Por causa da greve dos enfermeiros que se arrasta há duas semanas, foram canceladas quase 5000 cirurgias, das quais 456 no Hospital de Santa Maria, em Lisboa, e perto de 1000 no Centro Hospitalar e Universitário de Coimbra (CHUC). No Santa Maria, nenhuma criança foi operada desde o início da greve, segundo precisou à TSF o presidente do Conselho de Administração daquele hospital, Carlos Martins.

"É dramático", acrescentou Carlos Martins, prevendo que até ao final do mês, data prevista para o fim da paralisação, 1500 pessoas fiquem por operar. O responsável deixou por isso um apelo ao fim da paralisação. "Esta greve tem de parar, tem que haver uma mesa negocial, sobretudo porque está a afectar a equidade do serviço público. Esta greve já devia ter parado ao fim de 24 horas", declarou.

Depois de na manhã desta sexta-feira o presidente da Secção Regional do Centro da Ordem dos Médicos, Carlos Cortes, ter considerado que o silêncio do Ministério da Saúde em relação a esta greve inédita é "completamente incompreensível", o gabinete da ministra respondeu que o ministério "está preocupado", mas adiantou apenas que "estão a decorrer em permanência reuniões de coordenação" com os cinco hospitais afectados.  Continuando "atento e empenhado na resposta às situações urgentes", o Ministério da Saúde "dará seguimento às cirurgias canceladas", acrescentou.

Só no Santa Maria — o hospital que atende mais doentes do país — a greve deverá ter um custo "de dois a três milhões de euros", segundo Carlos Martins. "Se estiver em causa uma vida ou a qualidade de vida de um doente, a nossa opção é operar. E se tivermos que dirimir alguma situação que seja em tribunal", avisou, dizendo-se disposto a operar "com a discordância dos piquetes de greve", se tal se revelar necessário. 

Já nos CHUC, a secção regional do Centro da Ordem dos Médicos (SRCOM) revelou esta sexta-feira que a greve dos enfermeiros dos blocos operatórios já motivou o adiamento de quase mil cirurgias programadas.
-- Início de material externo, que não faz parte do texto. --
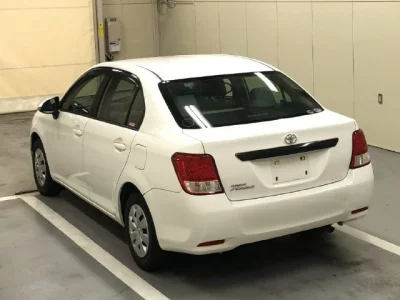 Toyota COROLLA AXIO  с аукциона в Японии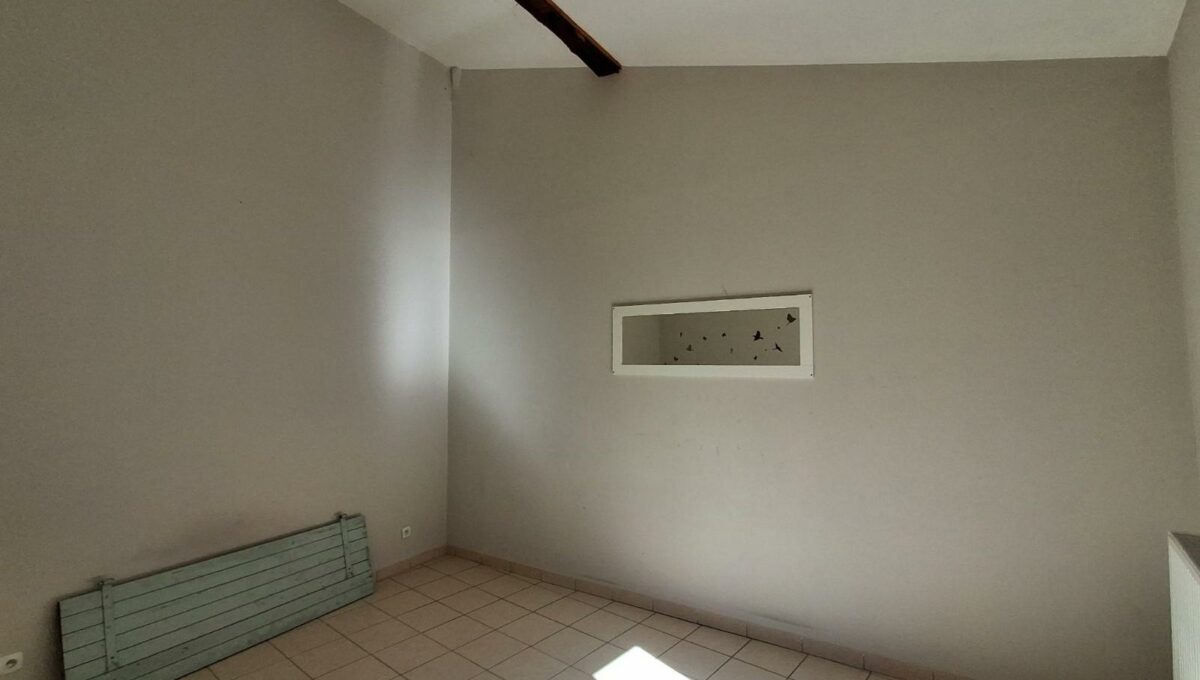 4-6195257830238598599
À agência Lusa, o presidente daquela estrutura, Carlos Cortes, disse que, "no mesmo período do ano passado, operaram-se 1200 doentes e este ano só 376".
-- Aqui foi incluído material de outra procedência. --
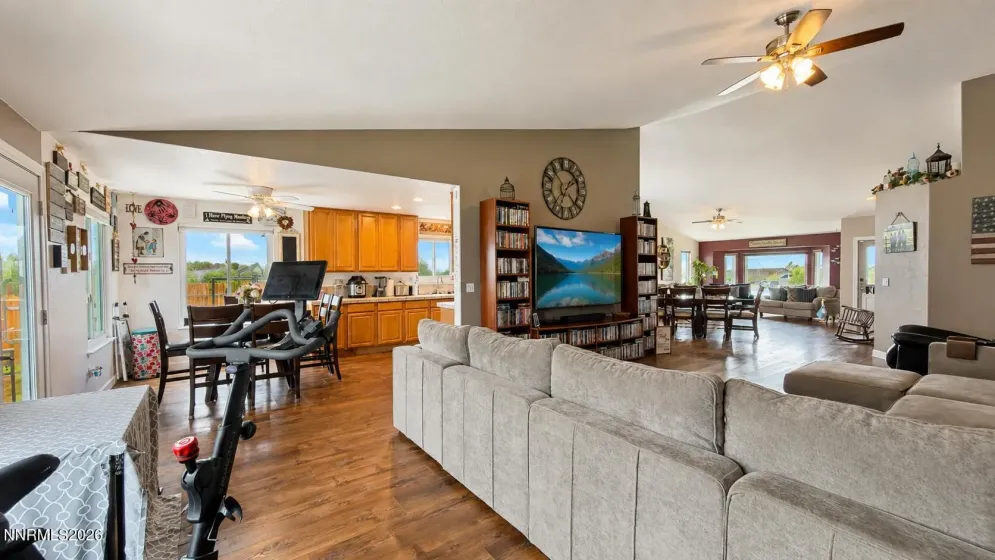 1415 Talking Sparrow, Sparks, Nevada 89441, 5 Bedrooms Bedrooms, ,3 BathroomsBathrooms,Residential,Residential,Talking Sparrow,0,260010926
"Apatia" e "irresponsabilidade"

O dirigente contabilizou assim uma produção "de menos 823 cirurgias programadas, sendo 250 convencionais e 573 de ambulatório". 

"Nunca vi nestes últimos anos uma irresponsabilidade, uma apatia e passividade tão grande do Ministério da Saúde perante este problema. E o problema é para os doentes, que não estão a ser operados", frisou.

Segundo Carlos Cortes, há doentes com problemas oncológicos e que necessitam de cirurgias urgentes. Deu também como exemplo o serviço de ortopedia, em que os doentes "correm risco de fracturas se não forem rapidamente operados".

"Há doentes com neoplasias que não estão a ser operados, há atrasos que, porventura, poderiam ser cirurgias não consideradas urgentes, mas que passado algum tempo se tornam urgentes", salientou.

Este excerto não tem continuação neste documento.